» EXERCISE DIRECTIONS: Since the pictures are not wanted, copy only the text of every record exactly.

» INPUT DATA:

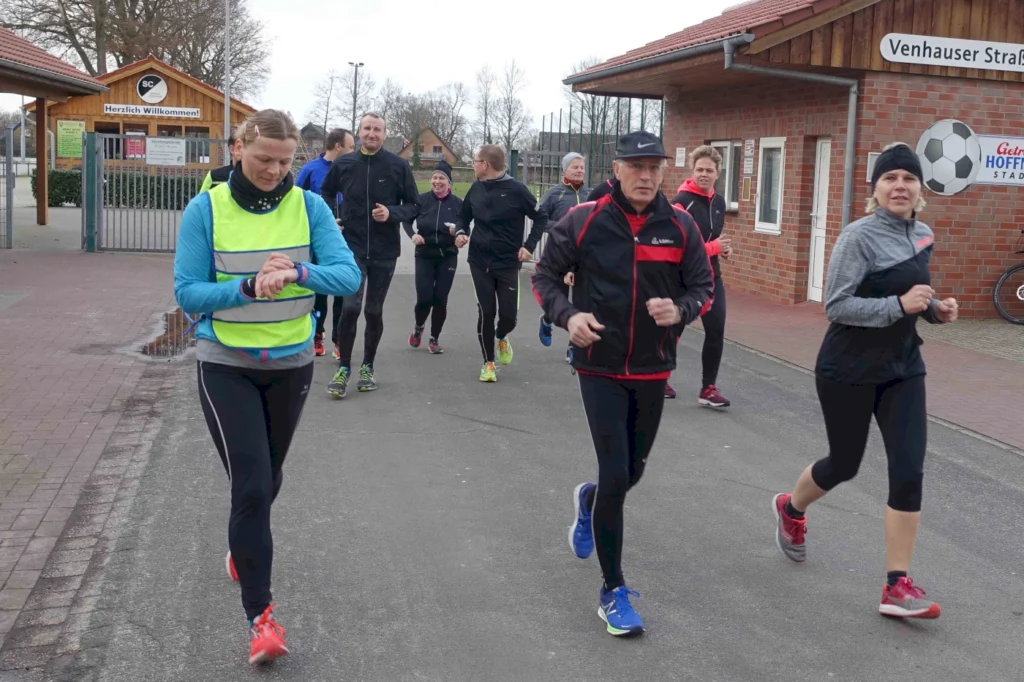 Läufergruppe in Sportkleidung joggt auf einer Straße vor einem Sportgebäude mit einem Willkommensschild. Eine Frau mit einer hellen Weste schaut auf ihre Uhr, während andere Teilnehmer in verschiedenen Outfits aktiv sind.
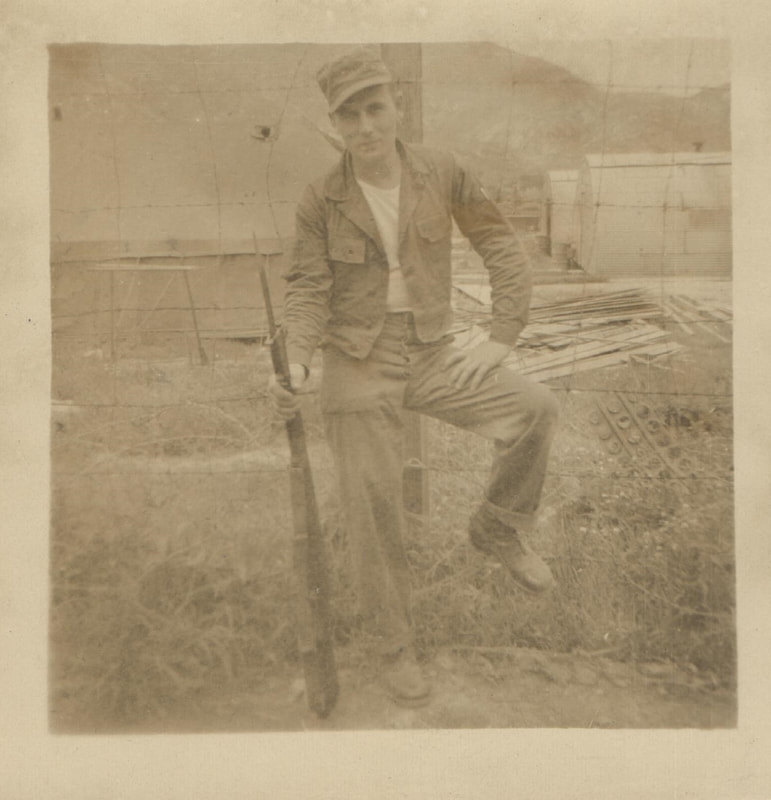 Pike County, Indiana, Ernie Grimes Collection, Soldier Standing against Fence with Rifle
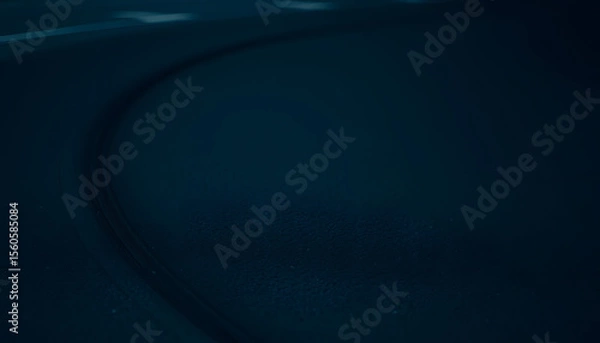 Obraz Abstract transportation background with turning black tire tracks over dark asphalt road pavement, Diffused lighting. White tone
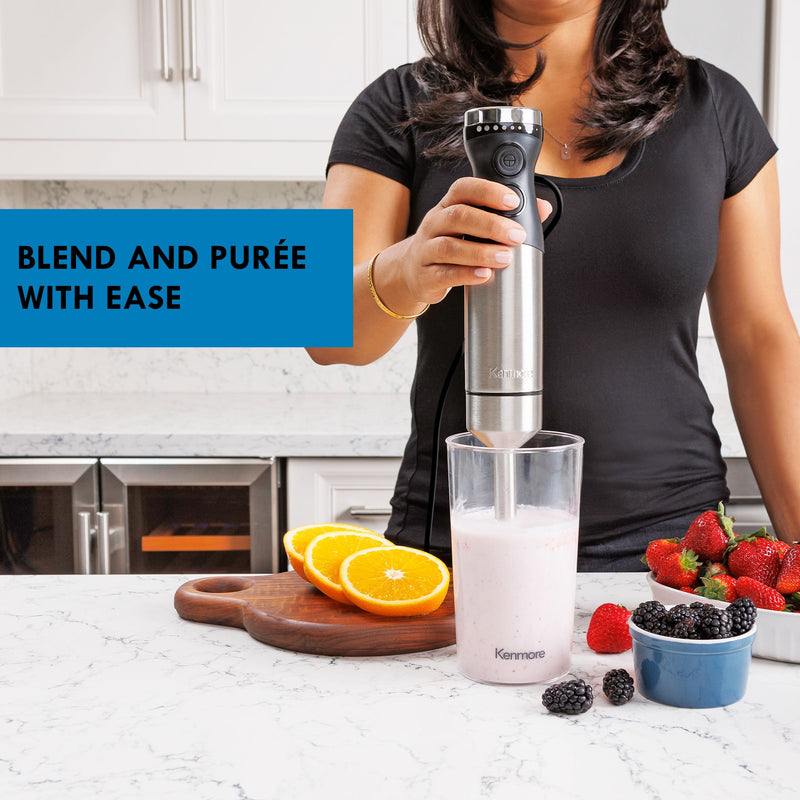 Light-skinned person in an olive-green shirt using the hand blender to puree an orange-coloured smoothie on a beige counter. There are oranges and peaches beside a glass of orange smoothie in the foreground and another kitchen counter with bowls of fruit in the background. Text overlay reads Blend and puree with ease. 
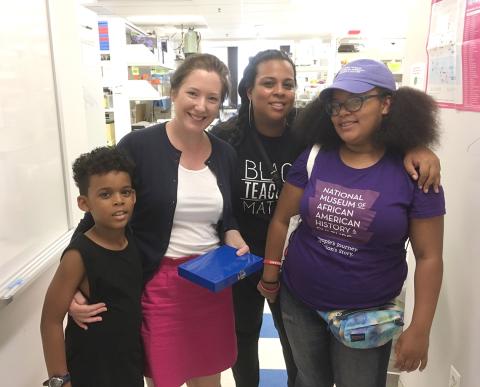 Lucy stands next to Ryan, his mom and his sister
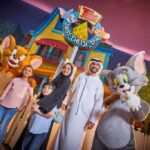 Image of Tom & Jerry & family in the warner bros. world posing for the photo
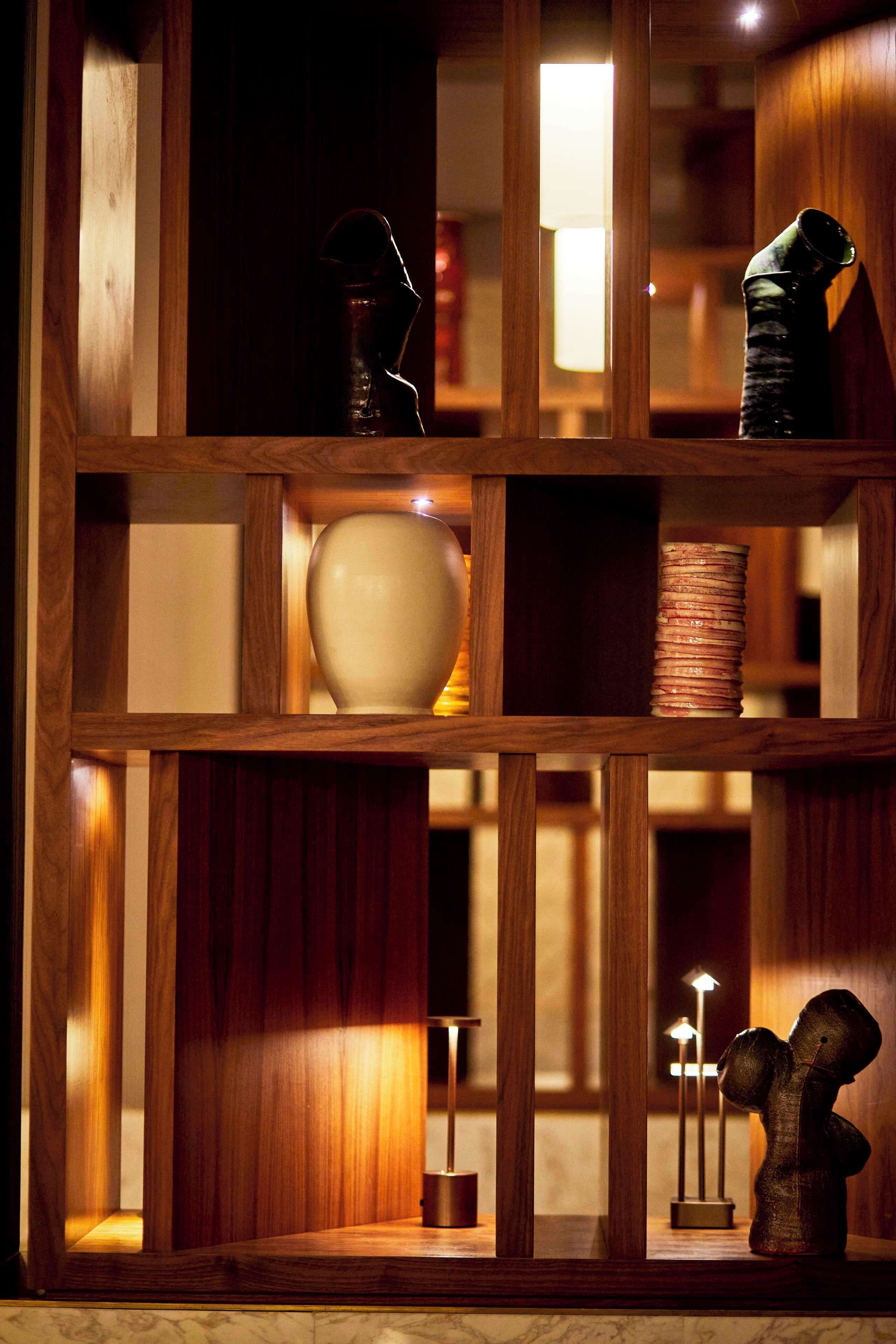 Une étagère en bois sur laquelle sont disposés divers objets, notamment un vase, une bobine de fil et une petite sculpture.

» SOLUTION BELOW:
 Läufergruppe in Sportkleidung joggt auf einer Straße vor einem Sportgebäude mit einem Willkommensschild. Eine Frau mit einer hellen Weste schaut auf ihre Uhr, während andere Teilnehmer in verschiedenen Outfits aktiv sind.
 Pike County, Indiana, Ernie Grimes Collection, Soldier Standing against Fence with Rifle
 Obraz Abstract transportation background with turning black tire tracks over dark asphalt road pavement, Diffused lighting. White tone
 Light-skinned person in an olive-green shirt using the hand blender to puree an orange-coloured smoothie on a beige counter. There are oranges and peaches beside a glass of orange smoothie in the foreground and another kitchen counter with bowls of fruit in the background. Text overlay reads Blend and puree with ease. 
 Lucy stands next to Ryan, his mom and his sister
 Image of Tom & Jerry & family in the warner bros. world posing for the photo
 Une étagère en bois sur laquelle sont disposés divers objets, notamment un vase, une bobine de fil et une petite sculpture.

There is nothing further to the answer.